Often described as the first African-American co-op, this building was built in 1910 and converted in 1929; it is six stories high, originally with four apartments per floor (Adam Clayton Powell Sr. was part of the original co-op.) Constructed as a grand residence, the building saw its apartments broken up over the years into smaller units. Nonetheless, apartments were still selling at prices ranging from $450,000 to over $800,000 when First Funding's Patrick Niland was hired.

financial flavors - bank mortgage

He worked with board president Dakota Tippings to develop a financing plan and attended several shareholder meetings at which the five-member board met with the shareholders and discussed different financing options. The meetings, says Niland, "were contentious, with lots of different opinions. There were people who had lived in the building for a long, long time, many of whom were on a fixed income, and they were very vocal.
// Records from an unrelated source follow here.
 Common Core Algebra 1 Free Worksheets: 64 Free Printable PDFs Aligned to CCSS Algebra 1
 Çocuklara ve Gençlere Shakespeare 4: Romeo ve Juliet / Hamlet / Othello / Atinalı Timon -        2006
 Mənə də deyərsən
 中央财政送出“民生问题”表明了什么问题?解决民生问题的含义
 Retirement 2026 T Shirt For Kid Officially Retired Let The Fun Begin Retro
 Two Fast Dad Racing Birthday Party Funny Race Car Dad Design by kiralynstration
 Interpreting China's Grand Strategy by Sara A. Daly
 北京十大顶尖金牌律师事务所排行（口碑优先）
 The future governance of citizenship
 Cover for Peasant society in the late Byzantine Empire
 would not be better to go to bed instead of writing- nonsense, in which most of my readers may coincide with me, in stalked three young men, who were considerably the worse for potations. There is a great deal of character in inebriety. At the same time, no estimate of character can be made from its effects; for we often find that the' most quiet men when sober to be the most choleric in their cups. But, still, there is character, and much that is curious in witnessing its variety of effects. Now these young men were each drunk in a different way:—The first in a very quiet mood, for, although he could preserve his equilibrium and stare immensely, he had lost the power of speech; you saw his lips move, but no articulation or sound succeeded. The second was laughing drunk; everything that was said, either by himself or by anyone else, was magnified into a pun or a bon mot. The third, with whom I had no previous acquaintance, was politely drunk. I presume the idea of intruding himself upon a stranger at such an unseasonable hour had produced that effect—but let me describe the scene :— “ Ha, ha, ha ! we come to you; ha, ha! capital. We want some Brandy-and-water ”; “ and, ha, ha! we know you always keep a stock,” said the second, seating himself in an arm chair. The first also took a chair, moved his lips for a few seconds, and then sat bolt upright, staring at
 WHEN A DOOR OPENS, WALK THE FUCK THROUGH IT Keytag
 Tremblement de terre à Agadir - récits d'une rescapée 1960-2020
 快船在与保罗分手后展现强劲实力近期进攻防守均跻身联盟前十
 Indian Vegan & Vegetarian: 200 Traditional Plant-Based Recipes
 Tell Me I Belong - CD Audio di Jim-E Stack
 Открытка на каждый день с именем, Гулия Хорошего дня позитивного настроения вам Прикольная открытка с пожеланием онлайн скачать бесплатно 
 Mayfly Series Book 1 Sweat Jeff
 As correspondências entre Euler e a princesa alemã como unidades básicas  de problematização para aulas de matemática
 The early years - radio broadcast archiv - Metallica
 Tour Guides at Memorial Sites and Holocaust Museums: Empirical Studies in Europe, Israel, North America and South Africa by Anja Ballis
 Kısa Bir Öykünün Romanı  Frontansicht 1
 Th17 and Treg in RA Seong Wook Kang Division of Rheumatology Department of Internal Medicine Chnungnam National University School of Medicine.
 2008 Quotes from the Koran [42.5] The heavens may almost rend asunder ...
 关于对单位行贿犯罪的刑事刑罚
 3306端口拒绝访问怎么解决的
They didn't want to see their maintenance going up, and really didn't see the need for a lot of the work that was proposed. Then there were people who were more recent purchasers, who had paid a lot for their units and were disturbed at the deterioration of the building, and were also focused on maintaining and protecting their investment. They were not interested in doing things in installments, in less than high-quality, top-notch work. There was a lot of infighting over what should be done. It took a great deal of orchestrating on the part of the president to get all these people to agree."

Niland and the treasurer worked closely together; she was "extraordinarily helpful. Between the president and the treasurer, they were able to finesse an agreement," the broker observes. One important factor: because they didn't have an existing loan in place, they would have had the additional problem of the city's recording tax — $60,000 in this instance — if they hadn't gone with NCB, which is exempt from that tax.

 

THE INTEREST-ONLY MORTGAGE

Northridge Co-op Section 3, Jackson Heights, 400 units

THE NEED Extensive Local Law 11 work (new roofs, new parapets), elevator repairs required.

AMOUNT RAISED AND LOAN DETAILS $10 million, interest-only loan for 10-year term, 30-year amortization (six years ago) at 5.76 percent interest; took out second $2 million mortgage for 2-year term to expire with the first mortgage

LENDER AND/OR MORTGAGE BROKER Wells Fargo; Richard Cohen, Saturn Realty, mortgage broker

financial flavors - interest only mortgage

When Delorme saw how much work was needed in this co-op, the board solicited proposals from different banks. Wells Fargo offered a 10-year, interest-only loan, amortized over 30 years. Says Delorme: "My theory is that you'll always have a mortgage because you'll always have work to do. The days of paying it off are gone. At the end of the 10 years, they just refinance again. If you amortize over 30 years, the dent into your mortgage payment is almost nothing, so why give the bank anything [beyond interest]? Do interest-only."